Article 2 : La commune de Gruissan et le Conservatoire de l'espace littoral et des rivages lacustres sont condamnés à verser à titre de provision la somme de 18 750 euros à M. Alexandre A à raison de son préjudice corporel.
Article 3 : La commune de Gruissan est condamnée à garantir le Conservatoire de l'espace littoral et des rivages lacustres de la condamnation prononcée.
Article 4 : Il sera, avant de statuer sur le surplus de la requête des consorts A, procédé à une expertise contradictoire en vue :
1°) de déterminer la date de consolidation éventuelle de l'état de M. Alexandre A ;
2°) de déterminer l'étendue du préjudice corporel lié à l'accident, et, notamment, la durée de l'incapacité totale temporaire, le degré de l'incapacité permanente partielle, l'intensité des douleurs physiques, la gravité du préjudice esthétique et l'étendue du préjudice d'agrément.

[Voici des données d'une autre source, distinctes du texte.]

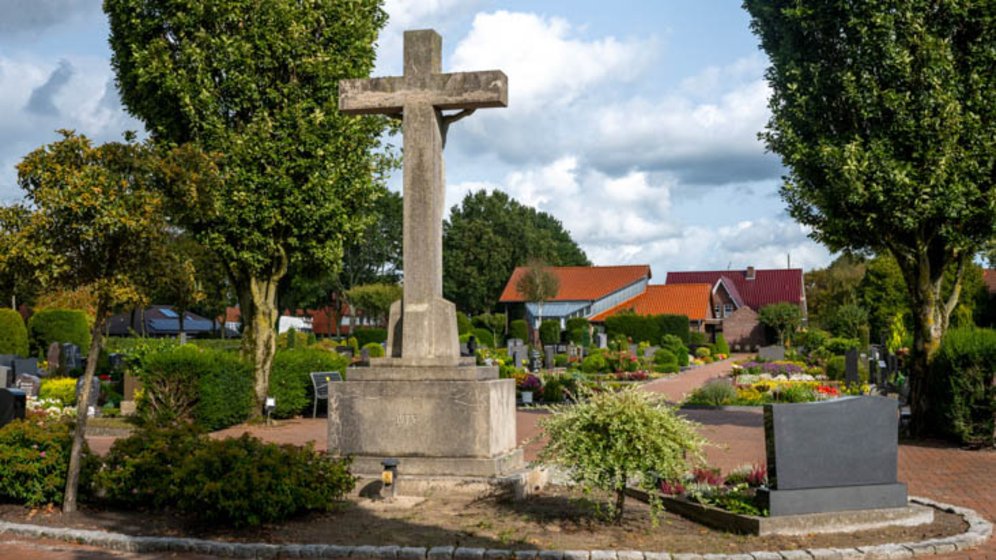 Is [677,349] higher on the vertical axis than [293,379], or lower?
higher

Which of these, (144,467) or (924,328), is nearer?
(144,467)

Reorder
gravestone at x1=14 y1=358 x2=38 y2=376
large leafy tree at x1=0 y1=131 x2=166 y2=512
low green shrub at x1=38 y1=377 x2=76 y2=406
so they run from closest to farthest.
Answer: large leafy tree at x1=0 y1=131 x2=166 y2=512
low green shrub at x1=38 y1=377 x2=76 y2=406
gravestone at x1=14 y1=358 x2=38 y2=376

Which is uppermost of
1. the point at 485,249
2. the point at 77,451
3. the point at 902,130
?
the point at 485,249

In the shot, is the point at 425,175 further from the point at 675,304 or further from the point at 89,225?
the point at 675,304

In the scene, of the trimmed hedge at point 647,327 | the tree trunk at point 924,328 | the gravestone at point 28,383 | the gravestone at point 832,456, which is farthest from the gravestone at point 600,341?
the gravestone at point 832,456

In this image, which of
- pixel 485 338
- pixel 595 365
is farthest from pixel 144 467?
pixel 485 338

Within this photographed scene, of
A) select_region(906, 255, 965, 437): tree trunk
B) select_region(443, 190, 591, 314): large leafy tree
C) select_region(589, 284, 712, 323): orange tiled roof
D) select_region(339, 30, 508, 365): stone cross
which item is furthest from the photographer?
select_region(443, 190, 591, 314): large leafy tree

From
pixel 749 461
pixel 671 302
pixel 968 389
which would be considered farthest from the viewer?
pixel 671 302

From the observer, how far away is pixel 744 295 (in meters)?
74.1

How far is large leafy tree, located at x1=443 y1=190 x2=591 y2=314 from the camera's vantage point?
241 feet

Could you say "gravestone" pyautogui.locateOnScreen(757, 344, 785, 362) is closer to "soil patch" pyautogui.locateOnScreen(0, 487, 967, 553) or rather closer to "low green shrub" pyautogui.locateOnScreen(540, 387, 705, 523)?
"soil patch" pyautogui.locateOnScreen(0, 487, 967, 553)

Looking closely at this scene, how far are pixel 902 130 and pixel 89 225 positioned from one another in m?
12.4

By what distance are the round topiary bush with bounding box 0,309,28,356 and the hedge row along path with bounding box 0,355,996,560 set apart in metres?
18.0

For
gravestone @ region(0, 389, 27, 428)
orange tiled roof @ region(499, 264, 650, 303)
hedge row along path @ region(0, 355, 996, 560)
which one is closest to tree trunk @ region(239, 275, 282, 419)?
hedge row along path @ region(0, 355, 996, 560) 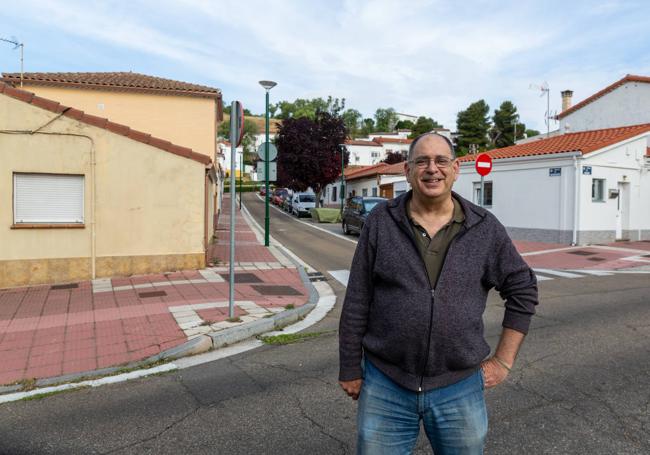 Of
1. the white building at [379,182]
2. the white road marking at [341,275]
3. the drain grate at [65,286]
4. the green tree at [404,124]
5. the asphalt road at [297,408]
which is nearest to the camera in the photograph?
the asphalt road at [297,408]

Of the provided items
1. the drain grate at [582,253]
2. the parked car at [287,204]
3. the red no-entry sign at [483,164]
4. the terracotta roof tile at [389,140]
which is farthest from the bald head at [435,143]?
the terracotta roof tile at [389,140]

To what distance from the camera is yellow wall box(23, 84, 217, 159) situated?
2308 centimetres

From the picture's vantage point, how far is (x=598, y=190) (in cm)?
1906

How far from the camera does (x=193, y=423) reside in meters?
3.98

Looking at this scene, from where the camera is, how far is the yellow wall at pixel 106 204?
984 centimetres

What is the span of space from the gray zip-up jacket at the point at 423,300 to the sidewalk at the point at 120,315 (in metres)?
4.11

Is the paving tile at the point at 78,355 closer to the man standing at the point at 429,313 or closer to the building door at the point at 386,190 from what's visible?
the man standing at the point at 429,313

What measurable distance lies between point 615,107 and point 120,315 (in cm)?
3115

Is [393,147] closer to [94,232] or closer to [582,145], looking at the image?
[582,145]

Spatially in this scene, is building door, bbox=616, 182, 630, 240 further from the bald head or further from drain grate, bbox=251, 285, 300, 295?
the bald head

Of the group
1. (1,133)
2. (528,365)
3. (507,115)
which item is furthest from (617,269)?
(507,115)

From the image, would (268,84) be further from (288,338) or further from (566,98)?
(566,98)

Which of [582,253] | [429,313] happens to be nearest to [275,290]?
[429,313]

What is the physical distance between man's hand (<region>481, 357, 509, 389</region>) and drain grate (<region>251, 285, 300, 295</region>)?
7.49 metres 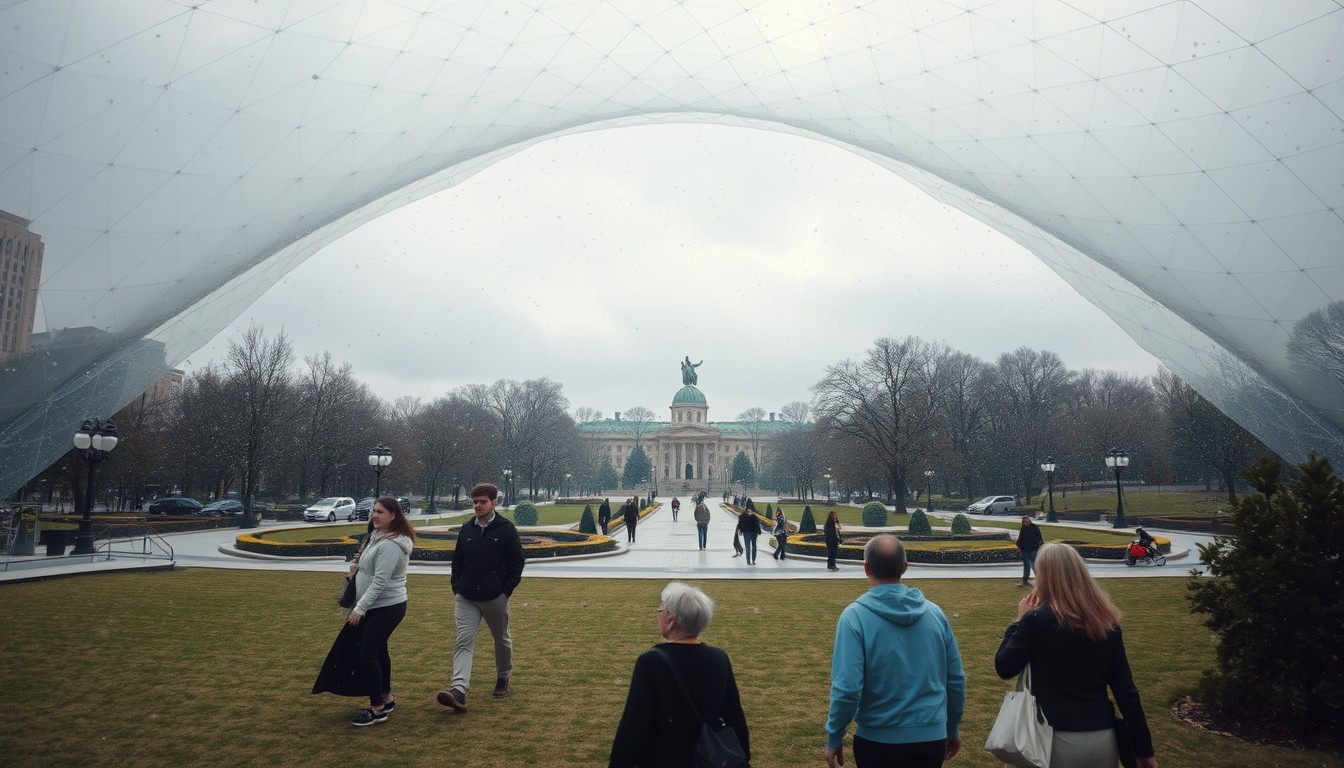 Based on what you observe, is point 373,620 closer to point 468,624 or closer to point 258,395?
point 468,624

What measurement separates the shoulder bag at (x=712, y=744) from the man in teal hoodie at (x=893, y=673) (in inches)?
21.1

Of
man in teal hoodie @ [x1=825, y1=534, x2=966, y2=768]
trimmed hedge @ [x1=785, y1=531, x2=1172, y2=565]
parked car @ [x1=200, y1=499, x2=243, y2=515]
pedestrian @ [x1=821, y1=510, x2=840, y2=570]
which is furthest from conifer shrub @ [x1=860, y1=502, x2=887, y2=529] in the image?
man in teal hoodie @ [x1=825, y1=534, x2=966, y2=768]

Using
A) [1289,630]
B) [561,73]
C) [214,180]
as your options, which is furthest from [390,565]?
[561,73]

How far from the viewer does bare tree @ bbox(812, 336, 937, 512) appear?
47.7 metres

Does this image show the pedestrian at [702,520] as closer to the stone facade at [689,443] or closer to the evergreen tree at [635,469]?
the evergreen tree at [635,469]

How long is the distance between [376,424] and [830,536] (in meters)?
54.6

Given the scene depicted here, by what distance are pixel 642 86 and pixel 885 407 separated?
44234mm

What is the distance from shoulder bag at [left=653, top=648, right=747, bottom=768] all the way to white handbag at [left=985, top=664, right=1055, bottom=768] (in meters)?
1.31

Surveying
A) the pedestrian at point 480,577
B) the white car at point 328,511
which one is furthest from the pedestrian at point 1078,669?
the white car at point 328,511

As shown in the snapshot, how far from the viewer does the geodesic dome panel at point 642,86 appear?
6.39 meters

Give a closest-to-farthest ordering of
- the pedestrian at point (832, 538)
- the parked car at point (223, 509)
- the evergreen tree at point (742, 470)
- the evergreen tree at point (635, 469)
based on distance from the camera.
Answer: the pedestrian at point (832, 538) → the parked car at point (223, 509) → the evergreen tree at point (742, 470) → the evergreen tree at point (635, 469)

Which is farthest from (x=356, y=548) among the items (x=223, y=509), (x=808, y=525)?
(x=223, y=509)

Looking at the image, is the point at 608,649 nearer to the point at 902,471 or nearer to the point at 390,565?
the point at 390,565

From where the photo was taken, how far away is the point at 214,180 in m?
7.94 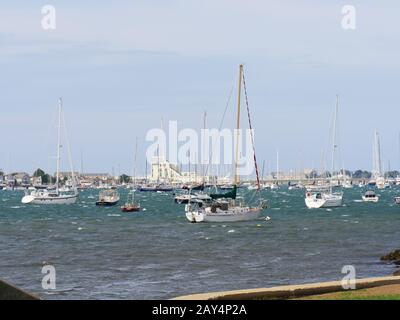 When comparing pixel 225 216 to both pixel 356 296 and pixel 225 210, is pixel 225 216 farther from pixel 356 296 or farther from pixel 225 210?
pixel 356 296

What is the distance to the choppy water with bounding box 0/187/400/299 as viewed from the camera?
124 ft

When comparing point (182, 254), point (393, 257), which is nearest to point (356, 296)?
point (393, 257)

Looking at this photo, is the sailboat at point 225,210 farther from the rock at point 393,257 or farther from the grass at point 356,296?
the grass at point 356,296

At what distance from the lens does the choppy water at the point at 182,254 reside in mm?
37875

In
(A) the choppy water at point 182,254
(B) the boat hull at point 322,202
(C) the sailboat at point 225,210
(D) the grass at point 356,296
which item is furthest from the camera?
(B) the boat hull at point 322,202

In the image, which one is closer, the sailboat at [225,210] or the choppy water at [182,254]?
the choppy water at [182,254]

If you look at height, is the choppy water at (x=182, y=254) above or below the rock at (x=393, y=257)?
below

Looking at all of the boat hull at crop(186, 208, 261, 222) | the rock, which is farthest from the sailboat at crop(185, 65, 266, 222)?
the rock

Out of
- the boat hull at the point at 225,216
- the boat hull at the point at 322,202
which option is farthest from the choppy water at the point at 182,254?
the boat hull at the point at 322,202

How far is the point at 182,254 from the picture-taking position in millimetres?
53719

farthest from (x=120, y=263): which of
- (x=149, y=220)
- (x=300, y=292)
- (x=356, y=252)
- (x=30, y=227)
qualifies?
(x=149, y=220)

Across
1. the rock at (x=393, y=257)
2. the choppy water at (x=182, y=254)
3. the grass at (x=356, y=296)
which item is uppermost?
the grass at (x=356, y=296)

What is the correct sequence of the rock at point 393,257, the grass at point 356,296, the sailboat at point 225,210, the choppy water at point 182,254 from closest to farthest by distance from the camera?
the grass at point 356,296, the choppy water at point 182,254, the rock at point 393,257, the sailboat at point 225,210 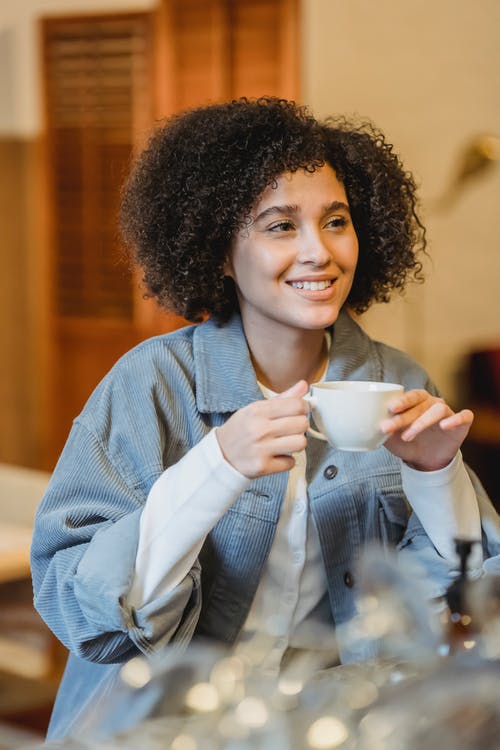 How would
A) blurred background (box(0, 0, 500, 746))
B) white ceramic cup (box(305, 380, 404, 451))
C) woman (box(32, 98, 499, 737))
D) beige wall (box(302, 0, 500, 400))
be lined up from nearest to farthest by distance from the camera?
1. white ceramic cup (box(305, 380, 404, 451))
2. woman (box(32, 98, 499, 737))
3. blurred background (box(0, 0, 500, 746))
4. beige wall (box(302, 0, 500, 400))

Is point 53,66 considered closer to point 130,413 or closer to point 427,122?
point 427,122

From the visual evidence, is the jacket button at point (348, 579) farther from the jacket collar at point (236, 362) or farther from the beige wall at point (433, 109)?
the beige wall at point (433, 109)

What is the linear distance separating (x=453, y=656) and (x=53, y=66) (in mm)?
3927

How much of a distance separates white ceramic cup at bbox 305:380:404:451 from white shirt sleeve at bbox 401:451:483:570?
19 cm


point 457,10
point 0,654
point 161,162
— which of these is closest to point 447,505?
point 161,162

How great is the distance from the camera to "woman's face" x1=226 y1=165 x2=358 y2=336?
1294 mm

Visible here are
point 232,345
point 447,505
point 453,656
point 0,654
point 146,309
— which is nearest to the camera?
point 453,656

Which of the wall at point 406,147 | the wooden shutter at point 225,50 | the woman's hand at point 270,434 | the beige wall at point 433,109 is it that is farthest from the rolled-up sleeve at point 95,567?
the wall at point 406,147

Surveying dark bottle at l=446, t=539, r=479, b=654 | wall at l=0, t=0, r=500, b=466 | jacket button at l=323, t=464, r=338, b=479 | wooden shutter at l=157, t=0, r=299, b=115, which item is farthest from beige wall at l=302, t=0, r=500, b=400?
dark bottle at l=446, t=539, r=479, b=654

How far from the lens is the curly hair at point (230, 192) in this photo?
4.42ft

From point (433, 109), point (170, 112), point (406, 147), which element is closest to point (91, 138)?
point (170, 112)

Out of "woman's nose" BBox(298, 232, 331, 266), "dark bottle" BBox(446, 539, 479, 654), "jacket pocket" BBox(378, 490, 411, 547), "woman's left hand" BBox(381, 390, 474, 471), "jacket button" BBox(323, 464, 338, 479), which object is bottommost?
"jacket pocket" BBox(378, 490, 411, 547)

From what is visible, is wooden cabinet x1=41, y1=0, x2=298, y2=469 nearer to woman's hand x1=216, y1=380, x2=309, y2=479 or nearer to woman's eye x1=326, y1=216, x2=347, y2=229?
woman's eye x1=326, y1=216, x2=347, y2=229

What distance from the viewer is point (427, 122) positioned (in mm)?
4340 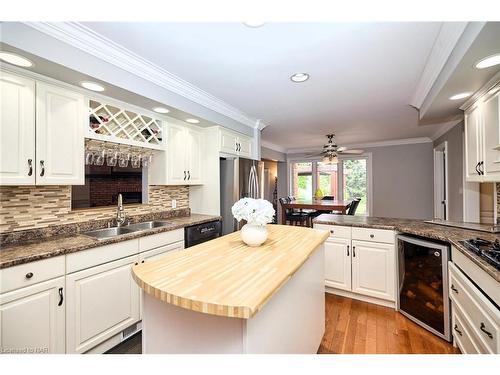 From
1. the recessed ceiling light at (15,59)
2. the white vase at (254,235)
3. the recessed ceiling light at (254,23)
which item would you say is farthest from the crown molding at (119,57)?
the white vase at (254,235)

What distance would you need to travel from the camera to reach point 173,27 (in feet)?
5.19

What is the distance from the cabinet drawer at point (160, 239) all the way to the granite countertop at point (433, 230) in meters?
1.61

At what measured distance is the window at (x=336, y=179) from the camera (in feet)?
21.4

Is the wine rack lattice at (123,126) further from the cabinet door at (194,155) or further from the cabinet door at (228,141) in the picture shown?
the cabinet door at (228,141)

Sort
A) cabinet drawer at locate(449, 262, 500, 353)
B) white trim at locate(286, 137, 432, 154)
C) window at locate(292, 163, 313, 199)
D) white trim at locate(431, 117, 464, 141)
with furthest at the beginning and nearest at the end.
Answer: window at locate(292, 163, 313, 199)
white trim at locate(286, 137, 432, 154)
white trim at locate(431, 117, 464, 141)
cabinet drawer at locate(449, 262, 500, 353)

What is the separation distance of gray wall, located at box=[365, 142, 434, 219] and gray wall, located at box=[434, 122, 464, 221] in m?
1.50

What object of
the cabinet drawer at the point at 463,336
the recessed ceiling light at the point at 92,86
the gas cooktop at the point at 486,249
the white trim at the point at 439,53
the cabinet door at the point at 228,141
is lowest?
the cabinet drawer at the point at 463,336

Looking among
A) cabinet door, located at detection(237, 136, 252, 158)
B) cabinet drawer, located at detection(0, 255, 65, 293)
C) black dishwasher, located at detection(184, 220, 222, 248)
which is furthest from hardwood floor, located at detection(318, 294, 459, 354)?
cabinet door, located at detection(237, 136, 252, 158)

Article 5 : L'expert, pour l'accomplissement de sa mission, se fera communiquer tous documents relatifs à l'état de santé de M. Alexandre A ; il pourra entendre toute personne du service hospitalier lui ayant donné des soins.
Article 6 : L'expert sera désigné par le président de la Cour. Il accomplira sa mission dans les conditions prévues par les articles R. 621-2 à R. 621-14 du code de justice administrative. L'expert déposera son rapport au greffe de la cour en quatre exemplaires dans le délai de quatre mois à compter de la date de notification du présent arrêt.
Article 7 : Tous droits et moyens des parties sur lesquels il n'est pas expressément statué par le présent arrêt sont réservés jusqu'en fin d'instance.
Article 8 : Le présent arrêt sera notifié aux consorts A, à la caisse primaire d'assurance maladie du Puy-de-Dôme, au Conservatoire de l'espace littoral et des rivages lacustres et à la commune de Gruissan.
Copie en sera adressée à Me Pontier, Me Audouin, Me Gourlin-Abdeldjelil et Me Gil-Fourrier.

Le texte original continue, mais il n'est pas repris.